Il suo racconto, Visto ma mai guardato, tratta un tema spinoso e quasi tabù: l’uso di sostanze stupefacenti da parte delle forze dell’ordine. Il racconto ne parla in chiave privata, quasi intima, ma fa comunque riflettere su un fenomeno apparentemente paradossale. Da dove le è venuto questo spunto?

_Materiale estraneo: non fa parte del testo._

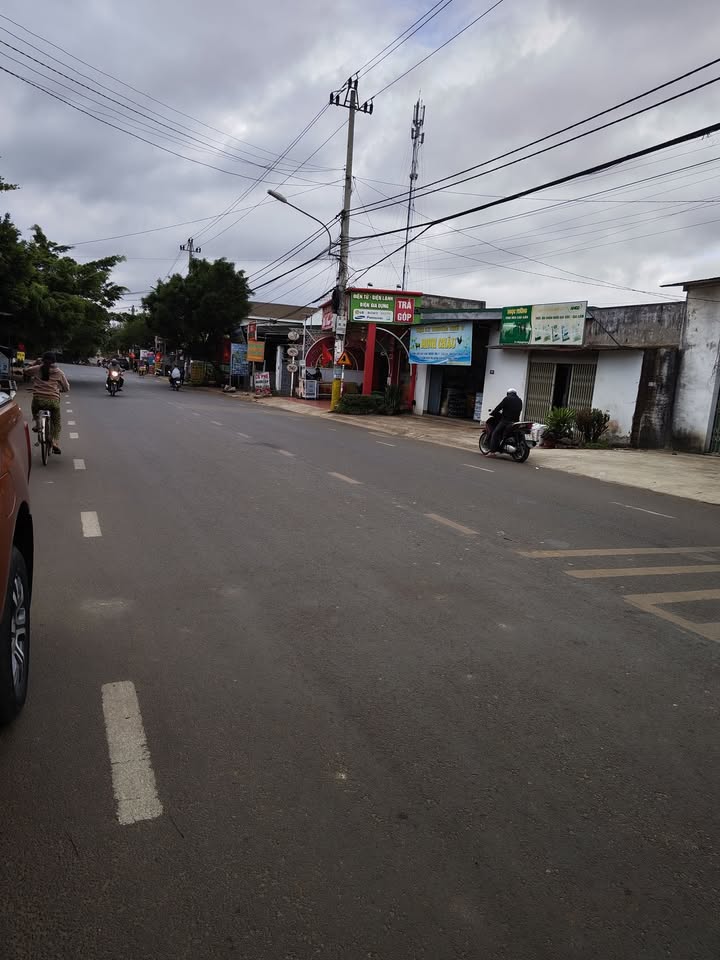 Nhà mặt tiền chợ Ea Kao 300m² giá 7.5 tỷ - Chính chủ bán gấp!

Lo spunto mi è giunto da una notizia giornalistica riguardante “l’albanese” cioè un trattamento della marijuana che la rende più competitiva sul mercato. Il trattamento consiste nel bagnare le foglie in ammoniaca prima di farle essiccare. L’ultima frontiera delle droghe cosiddette leggere dunque una forma di adulterazione per chi non si accontenta di uno sballo standard. In ogni caso più che dell’uso di stupefacenti da parte delle forze dell’ordine il mio racconto parla di livelli di tolleranza di un fenomeno che visto dalla polizia assume contorni che noi cittadini comuni non riusciamo nemmeno ad immaginare.

Da un punto di vista stilistico, il racconto si apre con un primo capitolo in terza persona con una lingua gergale e volutamente sgrammaticata per poi continuare fino alla fine in prima persona e con una lingua tutto sommato più pulita. Cercava l’effetto “disorientamento” sul lettore, come fosse la lingua stessa una sostanza stordente?

Il punto di vista stilistico è onirico. In fondo Carnevali salva la sua donna perché sogna se stesso e quel sogno gli racconta i suoi fallimenti, come padre, come marito, come poliziotto. Eppure la sua ermetica umanità scaturisce lo stesso, c’è una malinconia nel fallito che la scrittura enfatizza. Il linguaggio di questo racconto vuole adattarsi a questo percorso di perdizione e redenzione.